## Data records
────────────────────

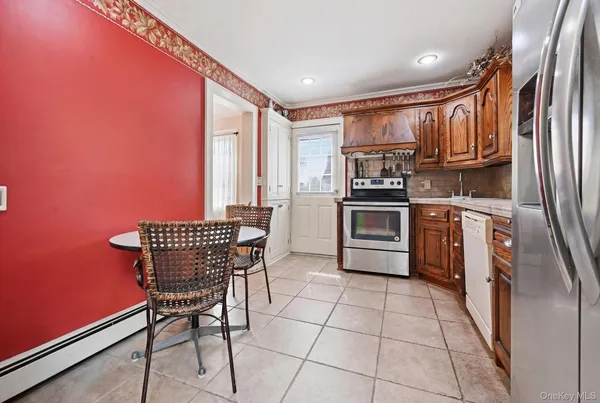 a kitchen with stainless steel appliances granite countertop a stove a sink dishwasher and a refrigerator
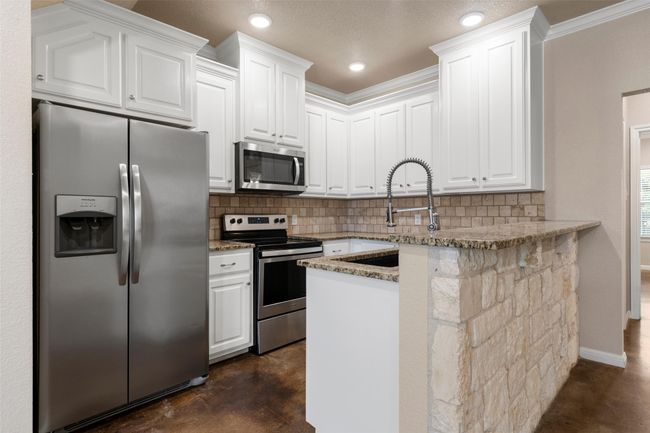 Kitchen with appliances with stainless steel finishes, finished concrete floors, tasteful backsplash, light stone countertops, and recessed lighting | Image 4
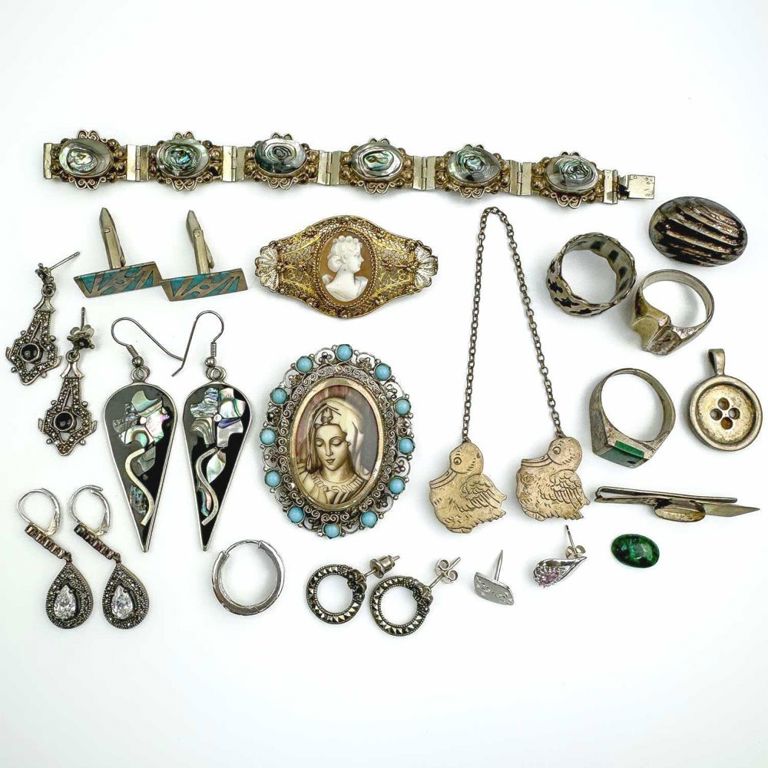 Group lot of silver jewelry with cameo style brooch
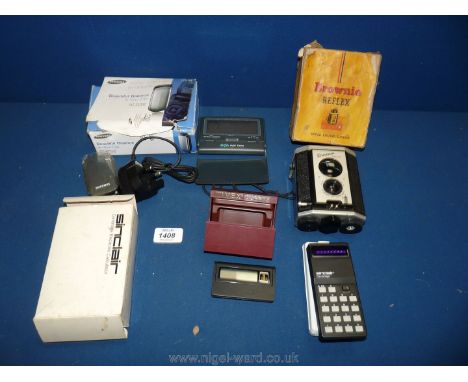 A Brownie Reflex camera, Sinclair Cambridge Electronic calculator, Oregon Scientific Hi-Glo Night Finder, Samsung Clamshell G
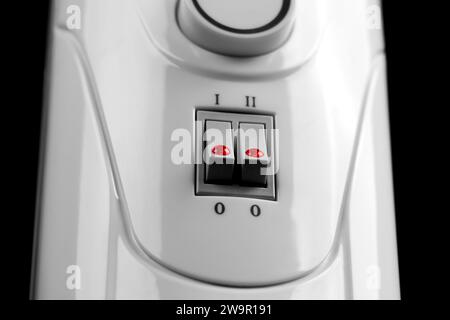 Home electric oil heater with control panel close up. Domestic heating radiator with switches and adjustable knob Stock Photo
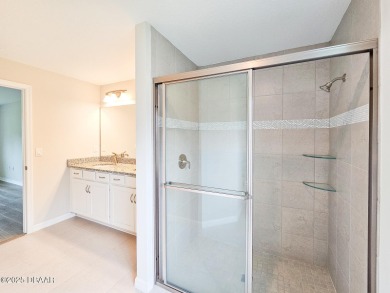 Recently purchased but never lived in! This beautiful 3-bedroom on The Grand Club - Pine Lakes Course in Florida - for sale on GolfHomes.com, golf home, golf lot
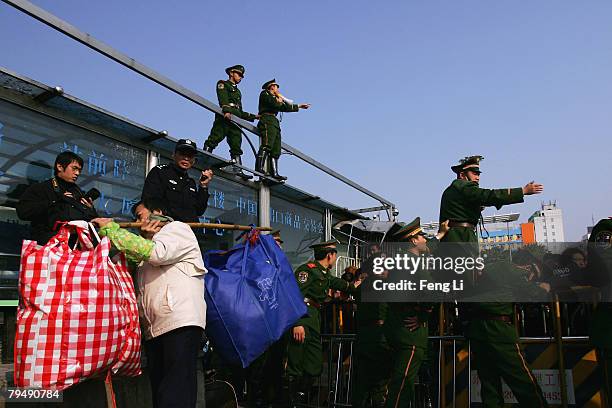 An officer advises passengers stranded due to heavy snow in the Guangzhou Railway Station on February 3, 2008 in Guangzhou of Guangdong Province,...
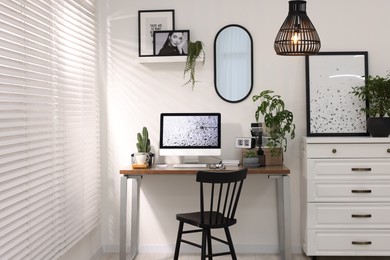 Cozy workspace with computer on wooden desk at home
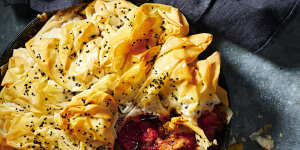 Tomatoes and peppers add a ray of sunshine to this cosy chicken pie.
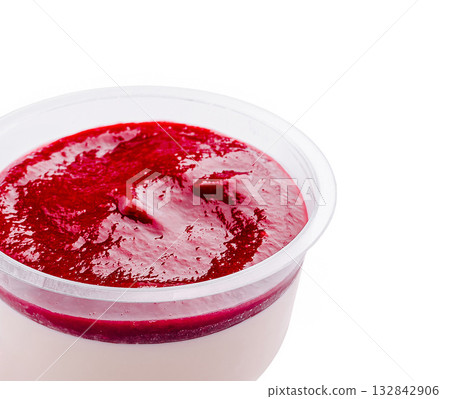 Creamy dessert topped with berry sauce in a clear cup on a white background Creamy dessert topped with berry sauce in a clear cup on a white background 132842906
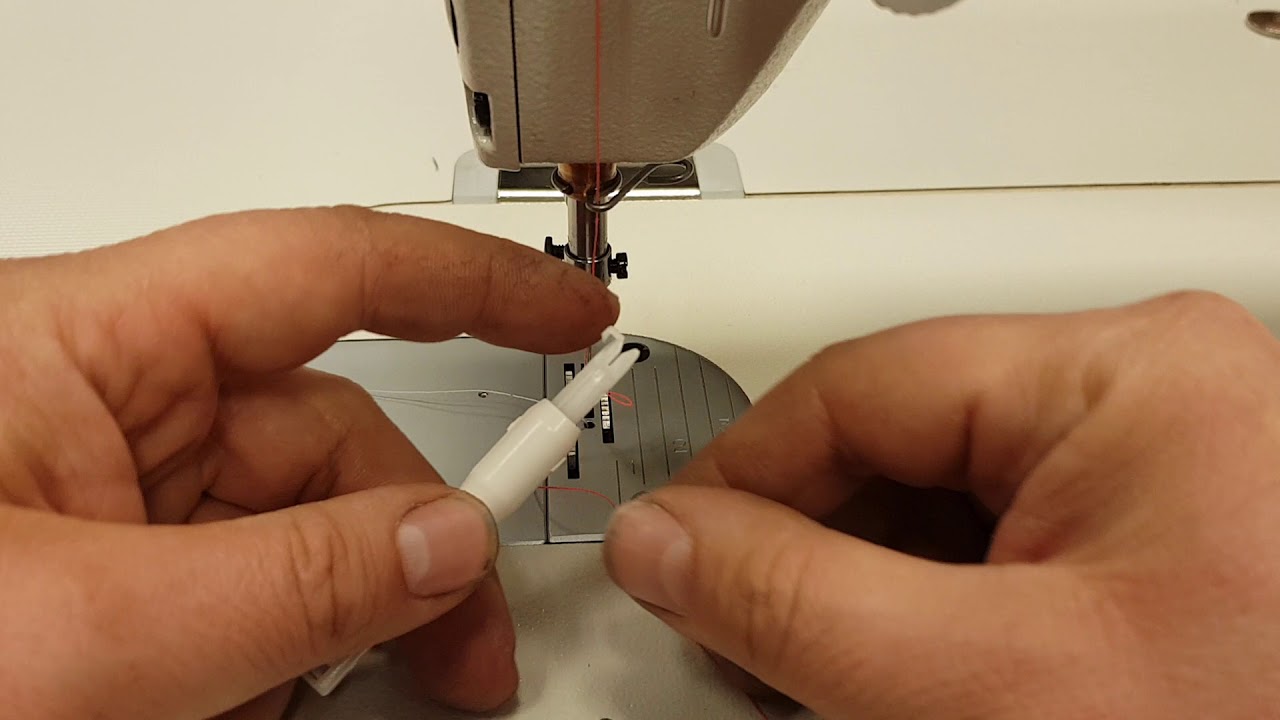 Nawlekacz igły Janome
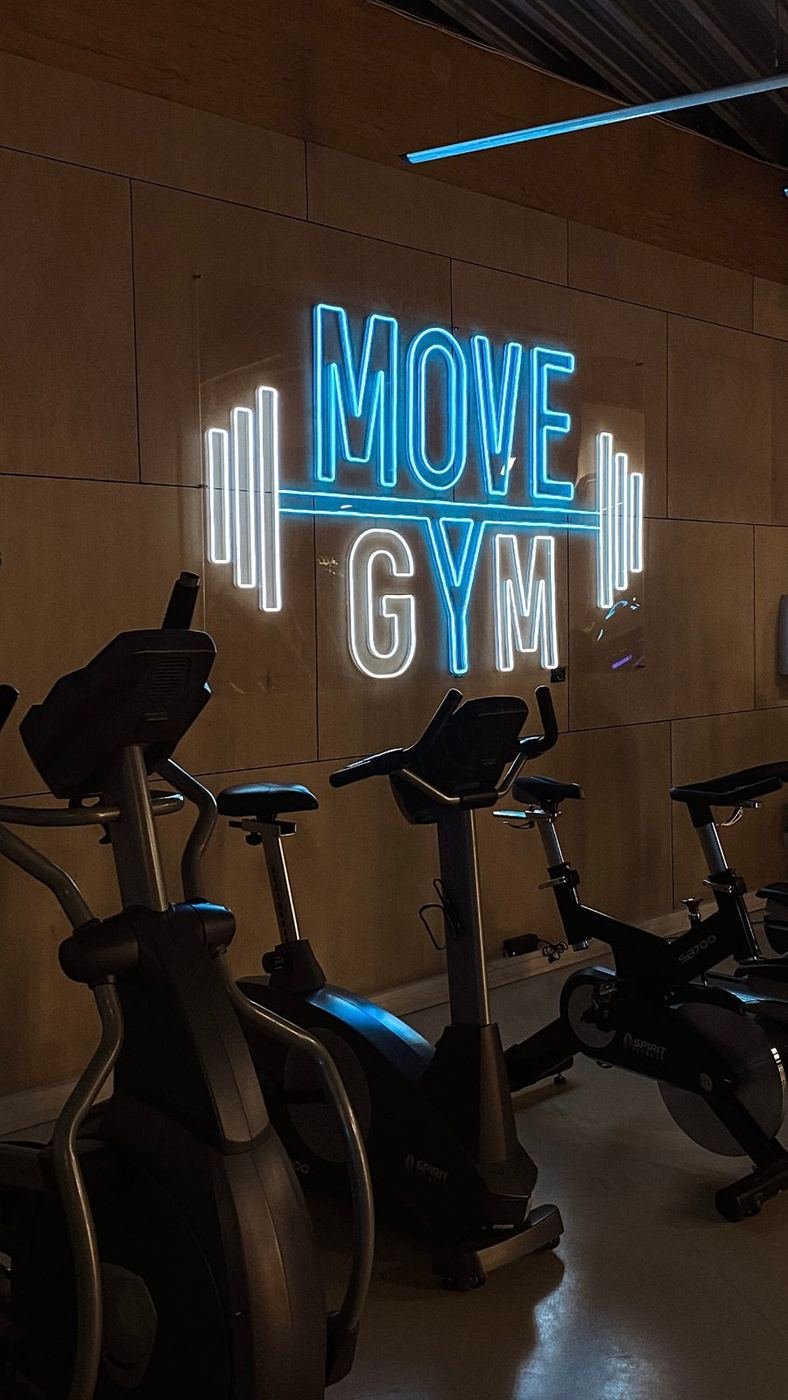Blå LED-neonskylt med gymlogotyp på träpanel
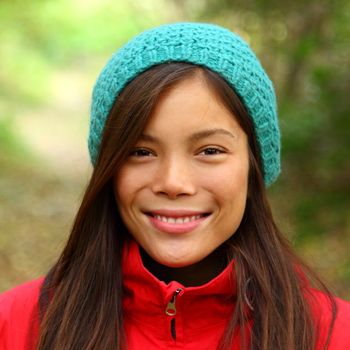 Woman smiling outdoors in Autumn. Beautiful mixed asian / caucasian woman walking in the forest on a fall day.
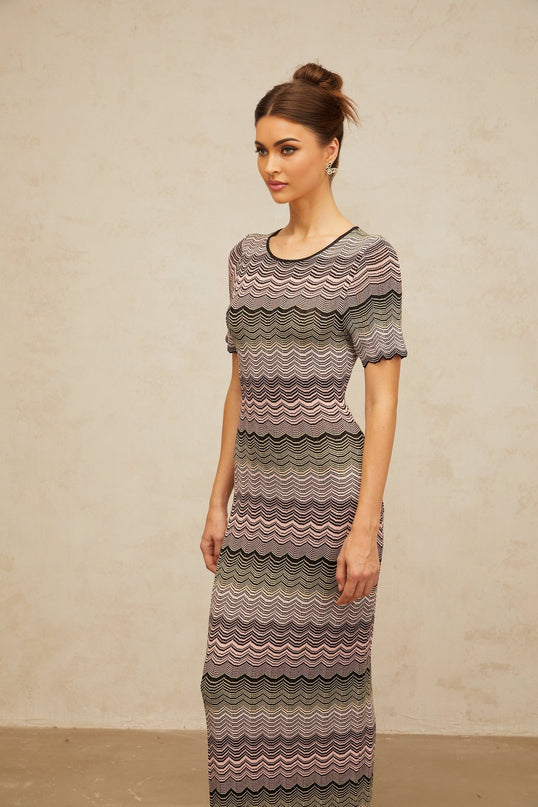 A long pink maxi dress with a wavy crochet knit pattern and a flowing silhouette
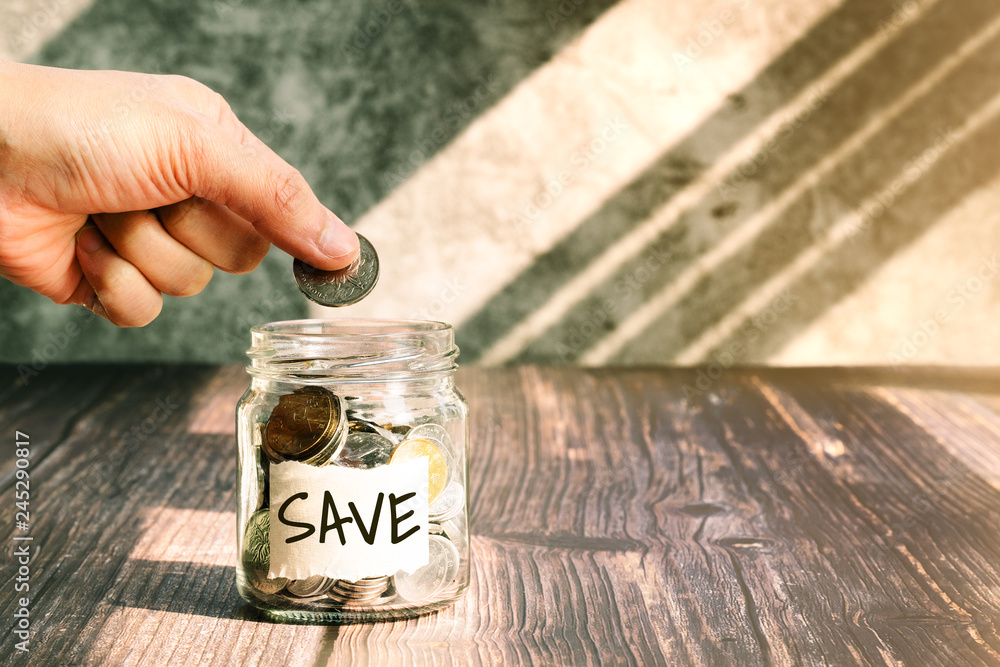 Wall mural save money, woman put coins in glass jar for money saving financial concept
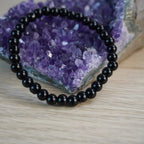 Schwarzer Turmalin Kugelarmband vor Amethyst-Kristall Dekoration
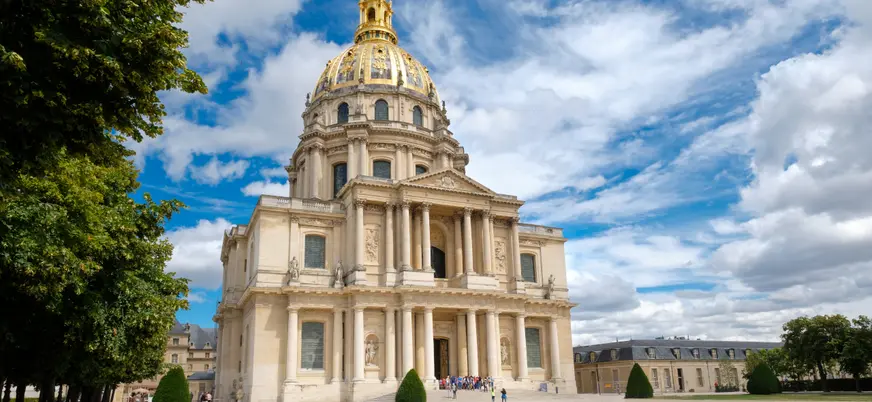 Hôtel des Invalides en París con cúpula dorada y cielo azul con nubes.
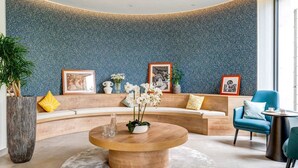 A modern lounge area with a curved seating arrangement, a central wooden coffee table, and a patterned wall. - Zenao Appart'hôtel Saint-Maur-des-Fossés (Saint-Maur-des-Fosses)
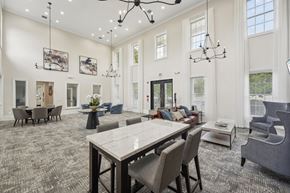 Langhorne apartment for rent - A large dining room with a long table and chairs.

────────────────────

Retype the material in full, exactly as written, and exclude the pictures.

 a kitchen with stainless steel appliances granite countertop a stove a sink dishwasher and a refrigerator
 Kitchen with appliances with stainless steel finishes, finished concrete floors, tasteful backsplash, light stone countertops, and recessed lighting | Image 4
 Group lot of silver jewelry with cameo style brooch
 A Brownie Reflex camera, Sinclair Cambridge Electronic calculator, Oregon Scientific Hi-Glo Night Finder, Samsung Clamshell G
 Home electric oil heater with control panel close up. Domestic heating radiator with switches and adjustable knob Stock Photo
 Recently purchased but never lived in! This beautiful 3-bedroom on The Grand Club - Pine Lakes Course in Florida - for sale on GolfHomes.com, golf home, golf lot
 An officer advises passengers stranded due to heavy snow in the Guangzhou Railway Station on February 3, 2008 in Guangzhou of Guangdong Province,...
 Cozy workspace with computer on wooden desk at home
 Tomatoes and peppers add a ray of sunshine to this cosy chicken pie.
 Creamy dessert topped with berry sauce in a clear cup on a white background Creamy dessert topped with berry sauce in a clear cup on a white background 132842906
 Nawlekacz igły Janome
Blå LED-neonskylt med gymlogotyp på träpanel
 Woman smiling outdoors in Autumn. Beautiful mixed asian / caucasian woman walking in the forest on a fall day.
 A long pink maxi dress with a wavy crochet knit pattern and a flowing silhouette
 Wall mural save money, woman put coins in glass jar for money saving financial concept
 Schwarzer Turmalin Kugelarmband vor Amethyst-Kristall Dekoration
 Hôtel des Invalides en París con cúpula dorada y cielo azul con nubes.
 A modern lounge area with a curved seating arrangement, a central wooden coffee table, and a patterned wall. - Zenao Appart'hôtel Saint-Maur-des-Fossés (Saint-Maur-des-Fosses)
 Langhorne apartment for rent - A large dining room with a long table and chairs.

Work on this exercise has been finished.